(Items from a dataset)
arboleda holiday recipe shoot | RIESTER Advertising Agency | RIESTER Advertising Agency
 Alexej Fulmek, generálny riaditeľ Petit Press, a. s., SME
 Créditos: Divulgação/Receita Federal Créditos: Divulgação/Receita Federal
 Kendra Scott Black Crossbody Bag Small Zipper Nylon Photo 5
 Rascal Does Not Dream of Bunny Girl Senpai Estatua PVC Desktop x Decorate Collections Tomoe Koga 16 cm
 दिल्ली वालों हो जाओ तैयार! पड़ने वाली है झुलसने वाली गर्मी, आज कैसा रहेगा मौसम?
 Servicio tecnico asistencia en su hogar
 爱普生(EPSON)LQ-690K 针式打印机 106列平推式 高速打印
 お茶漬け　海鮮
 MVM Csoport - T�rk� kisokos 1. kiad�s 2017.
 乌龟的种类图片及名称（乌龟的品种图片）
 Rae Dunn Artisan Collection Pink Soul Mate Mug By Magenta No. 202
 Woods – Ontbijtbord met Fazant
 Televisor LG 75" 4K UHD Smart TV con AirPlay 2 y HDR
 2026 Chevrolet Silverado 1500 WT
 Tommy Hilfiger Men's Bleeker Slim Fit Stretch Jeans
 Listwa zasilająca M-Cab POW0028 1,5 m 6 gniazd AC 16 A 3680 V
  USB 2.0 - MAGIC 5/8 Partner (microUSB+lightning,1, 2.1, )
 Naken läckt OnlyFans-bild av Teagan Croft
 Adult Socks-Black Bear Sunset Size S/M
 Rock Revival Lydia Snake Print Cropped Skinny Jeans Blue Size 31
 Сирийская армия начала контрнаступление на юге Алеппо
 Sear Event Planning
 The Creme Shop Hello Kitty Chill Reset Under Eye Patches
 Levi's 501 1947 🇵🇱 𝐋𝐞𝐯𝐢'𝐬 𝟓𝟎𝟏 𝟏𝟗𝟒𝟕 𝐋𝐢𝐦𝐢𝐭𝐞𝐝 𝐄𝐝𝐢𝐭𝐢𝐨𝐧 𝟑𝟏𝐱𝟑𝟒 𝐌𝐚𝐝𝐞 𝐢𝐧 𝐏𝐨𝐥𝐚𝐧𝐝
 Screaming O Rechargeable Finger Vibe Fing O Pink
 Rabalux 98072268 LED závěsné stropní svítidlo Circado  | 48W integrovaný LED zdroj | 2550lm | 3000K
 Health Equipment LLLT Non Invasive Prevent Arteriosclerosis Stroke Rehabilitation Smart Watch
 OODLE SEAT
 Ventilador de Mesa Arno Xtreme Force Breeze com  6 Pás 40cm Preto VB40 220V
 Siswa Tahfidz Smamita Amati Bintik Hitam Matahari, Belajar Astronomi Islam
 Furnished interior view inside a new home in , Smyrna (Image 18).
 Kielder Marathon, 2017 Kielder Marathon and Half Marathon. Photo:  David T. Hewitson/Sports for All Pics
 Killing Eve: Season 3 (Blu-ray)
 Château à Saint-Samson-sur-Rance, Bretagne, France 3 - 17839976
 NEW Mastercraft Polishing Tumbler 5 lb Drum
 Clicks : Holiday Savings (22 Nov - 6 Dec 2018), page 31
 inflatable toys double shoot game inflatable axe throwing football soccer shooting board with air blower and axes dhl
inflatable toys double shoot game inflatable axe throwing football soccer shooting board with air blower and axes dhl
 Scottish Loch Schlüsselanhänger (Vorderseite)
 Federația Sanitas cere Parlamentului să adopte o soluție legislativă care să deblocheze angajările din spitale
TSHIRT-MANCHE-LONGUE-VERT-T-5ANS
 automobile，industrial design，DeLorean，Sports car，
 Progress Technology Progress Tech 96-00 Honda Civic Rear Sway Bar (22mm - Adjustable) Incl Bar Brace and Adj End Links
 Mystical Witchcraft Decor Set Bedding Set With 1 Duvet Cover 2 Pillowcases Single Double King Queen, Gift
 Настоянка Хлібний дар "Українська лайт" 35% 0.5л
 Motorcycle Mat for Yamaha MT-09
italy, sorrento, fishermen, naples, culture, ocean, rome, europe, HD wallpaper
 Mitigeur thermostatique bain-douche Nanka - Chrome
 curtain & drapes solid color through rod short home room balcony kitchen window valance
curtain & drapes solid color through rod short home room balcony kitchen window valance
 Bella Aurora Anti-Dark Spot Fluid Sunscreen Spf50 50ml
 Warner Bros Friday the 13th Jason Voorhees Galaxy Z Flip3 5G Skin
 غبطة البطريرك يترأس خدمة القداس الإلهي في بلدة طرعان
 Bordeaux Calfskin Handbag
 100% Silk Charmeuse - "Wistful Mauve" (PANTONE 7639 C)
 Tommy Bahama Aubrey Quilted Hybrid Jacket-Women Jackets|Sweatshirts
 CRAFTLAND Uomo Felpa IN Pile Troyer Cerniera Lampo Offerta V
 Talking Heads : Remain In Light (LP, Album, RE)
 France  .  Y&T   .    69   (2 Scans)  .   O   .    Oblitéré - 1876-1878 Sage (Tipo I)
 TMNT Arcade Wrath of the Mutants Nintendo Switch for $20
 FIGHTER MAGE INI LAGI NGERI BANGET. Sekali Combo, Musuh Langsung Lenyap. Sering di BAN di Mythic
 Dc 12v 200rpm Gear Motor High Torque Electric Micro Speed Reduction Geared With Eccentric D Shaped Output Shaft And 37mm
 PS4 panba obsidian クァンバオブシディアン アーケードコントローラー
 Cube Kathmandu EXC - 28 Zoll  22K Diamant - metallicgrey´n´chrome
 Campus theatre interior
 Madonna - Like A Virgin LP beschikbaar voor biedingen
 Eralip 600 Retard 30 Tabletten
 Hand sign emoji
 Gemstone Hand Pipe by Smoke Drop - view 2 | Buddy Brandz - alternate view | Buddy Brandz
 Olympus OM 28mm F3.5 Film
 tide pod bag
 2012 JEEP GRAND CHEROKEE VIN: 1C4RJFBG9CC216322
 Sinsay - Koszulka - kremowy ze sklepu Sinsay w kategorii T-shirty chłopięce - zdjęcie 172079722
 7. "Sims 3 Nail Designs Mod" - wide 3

◆ **EXERCISE DESCRIPTION**
Exactly repeat the lines above, from the opening line through the one with "Rabalux 98072268 LED", and include nothing else.

◆ **RESPONSE AREA**
arboleda holiday recipe shoot | RIESTER Advertising Agency | RIESTER Advertising Agency
 Alexej Fulmek, generálny riaditeľ Petit Press, a. s., SME
 Créditos: Divulgação/Receita Federal Créditos: Divulgação/Receita Federal
 Kendra Scott Black Crossbody Bag Small Zipper Nylon Photo 5
 Rascal Does Not Dream of Bunny Girl Senpai Estatua PVC Desktop x Decorate Collections Tomoe Koga 16 cm
 दिल्ली वालों हो जाओ तैयार! पड़ने वाली है झुलसने वाली गर्मी, आज कैसा रहेगा मौसम?
 Servicio tecnico asistencia en su hogar
 爱普生(EPSON)LQ-690K 针式打印机 106列平推式 高速打印
 お茶漬け　海鮮
 MVM Csoport - T�rk� kisokos 1. kiad�s 2017.
 乌龟的种类图片及名称（乌龟的品种图片）
 Rae Dunn Artisan Collection Pink Soul Mate Mug By Magenta No. 202
 Woods – Ontbijtbord met Fazant
 Televisor LG 75" 4K UHD Smart TV con AirPlay 2 y HDR
 2026 Chevrolet Silverado 1500 WT
 Tommy Hilfiger Men's Bleeker Slim Fit Stretch Jeans
 Listwa zasilająca M-Cab POW0028 1,5 m 6 gniazd AC 16 A 3680 V
  USB 2.0 - MAGIC 5/8 Partner (microUSB+lightning,1, 2.1, )
 Naken läckt OnlyFans-bild av Teagan Croft
 Adult Socks-Black Bear Sunset Size S/M
 Rock Revival Lydia Snake Print Cropped Skinny Jeans Blue Size 31
 Сирийская армия начала контрнаступление на юге Алеппо
 Sear Event Planning
 The Creme Shop Hello Kitty Chill Reset Under Eye Patches
 Levi's 501 1947 🇵🇱 𝐋𝐞𝐯𝐢'𝐬 𝟓𝟎𝟏 𝟏𝟗𝟒𝟕 𝐋𝐢𝐦𝐢𝐭𝐞𝐝 𝐄𝐝𝐢𝐭𝐢𝐨𝐧 𝟑𝟏𝐱𝟑𝟒 𝐌𝐚𝐝𝐞 𝐢𝐧 𝐏𝐨𝐥𝐚𝐧𝐝
 Screaming O Rechargeable Finger Vibe Fing O Pink
 Rabalux 98072268 LED závěsné stropní svítidlo Circado  | 48W integrovaný LED zdroj | 2550lm | 3000K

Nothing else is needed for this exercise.